As a day job, Ken practices law in D.C. specializing in all things agriculture. Before that, he served as legal counsel to two committees of the United States Senate: Governmental Affairs (1975-1981) under then-Senator Charles H. Percy (R-Ill.), and Agriculture, Nutrition, and Forestry (1988-1993) under its then-Chairmen Senator Patrick Leahy (D-Vt.).
During the administration of President Bill Clinton, he headed the U.S. Agriculture Department’s Federal Crop Insurance Corporation (1993-2001). Earlier, he held various legal positions at the U.S. Commodity Futures Trading Commission.
Ken has testified before dozens of Congressional hearings, investigated issues ranging from the 1979-80 silver corner to the 1987 stock crash, and developed legislation on topics from budget reconciliation to farm policy to electronic eavesdropping to civil service reform to financial market oversight. He has appeared often before Congress, the media, farmers in over twenty states, and government officials in London, Warsaw, Vienna, Tel Aviv, and Ramallah, PNA.
Norm: Good day Ken and thanks for participating in our interview.
Why did you choose to write Trotsky in New York, 1917: A Radical on the Eve of Revolution? What were your intentions in this book, and do you feel you achieved them? Whom do you believe will benefit from your book and why?

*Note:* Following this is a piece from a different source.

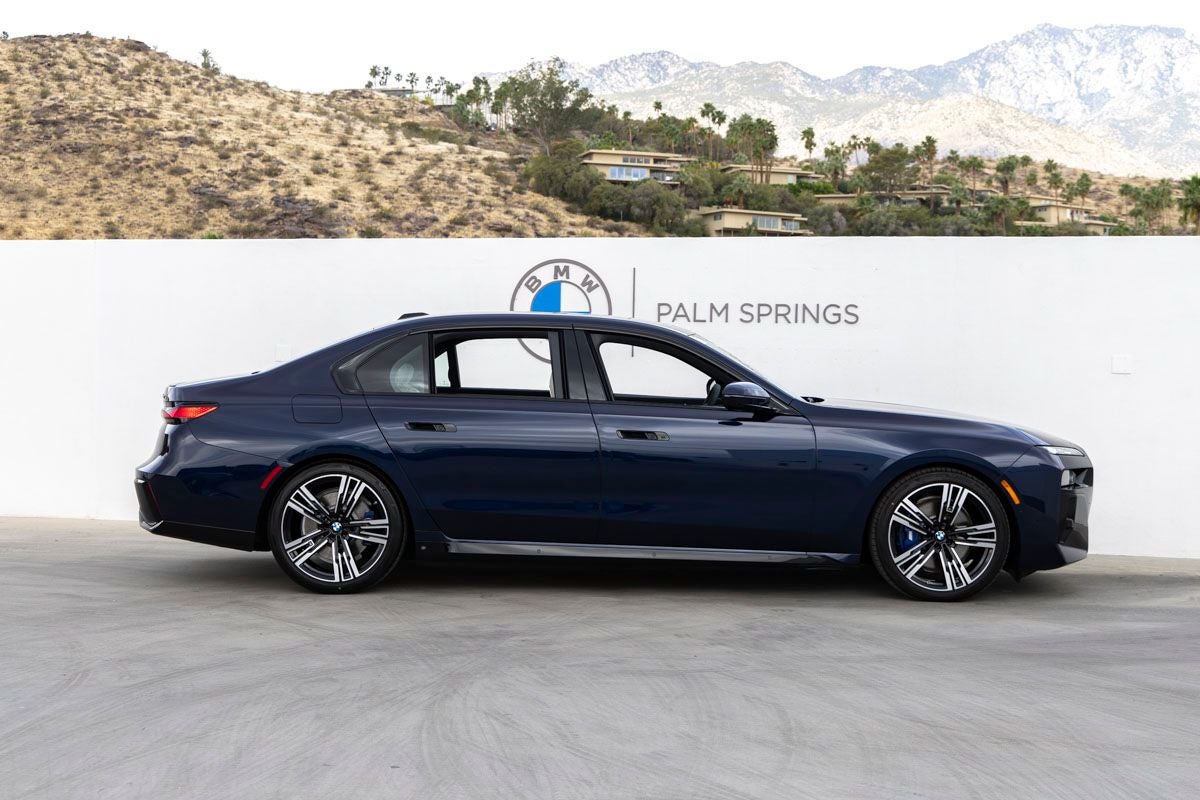 2026 BMW 740i 740i xDrive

Ken: Thanks for having me, Norm. The Trotsky in New York story first attracted me because it came as a real surprise. Who would have thought that Leon Trotsky, the notorious Bolshevik, would have spent the pivotal ten weeks leading up to the famous 1917 Revolution not in Russia but across the ocean in New York City.
It seemed so out of context: Trotsky, the radical troublemaker, living among comfortable, Americanized New Yorkers. And New York City itself in 1917, so alive and free back enjoying a golden age of Broadway, music, arts and politics, with no censorship, no CIA, no NSA, no Homeland Security Department and the rest – things that would change abruptly with the country’s entry into the World War -- was an irresistible subject.
Norm: Can you share some stories about people you met while researching this book and what were some of the references that you used while researching this book?
Ken: Researching the story transported me both into the world of underground radical politics and, at the same time, into the thick of New York’s immigrant ghettos of a century ago. Best sources for the radicals were intelligence files: Britain’s MI-6, the America War Department’s Military Intelligence Division (MID), French and Canadian intelligence, and so on.
And for the immediate raw feel of immigrant life, the best by far was newspapers: not the big English-language papers like the New York World, the Times, or the American, but rather the small, backstreet, ethnic tabloids. Smeary old microfilms of Trotsky’s own Novy Mir, the Yiddish Forward, and the German New Yorker Volkzeitung, gave me an instant feel for time and place. Of the English-language dailies, the best for my purposes was the New York Call, mouthpiece for the local Socialist Party but worldly into its scope and outlook.
One of my favorite resources for understanding old New York City was one of the most simple: YouTube. YouTube is loaded with original videos, historic footage of New York and other cities from the 1900-1920 period. Here’s ONE of my favorites, from 1928, featuring none less that Harold Lloyd and Babe Ruth.
Norm: What is the most important thing that people don't know about your subject that they need to know?
Ken: First was Trotsky himself. Trotsky was a wonderful subject to write about, full of spunk and personality, a doer, an actor, never a victim. As a writer, I am always drawn to larger-than-life figures with clay feet and human flaws, be it Boss Tweed or J. Edgar Hoover.
Trotsky’s life was riddled with contradictions. He was a tireless idealist hoping to create a workers’ state, but instead helped produce one of the most brutal dictatorships of the Twentieth Century. Then he became its chief critic, and ultimately its most ironic victim. All this made him oddly sympathetic, despite a bevy of flaws.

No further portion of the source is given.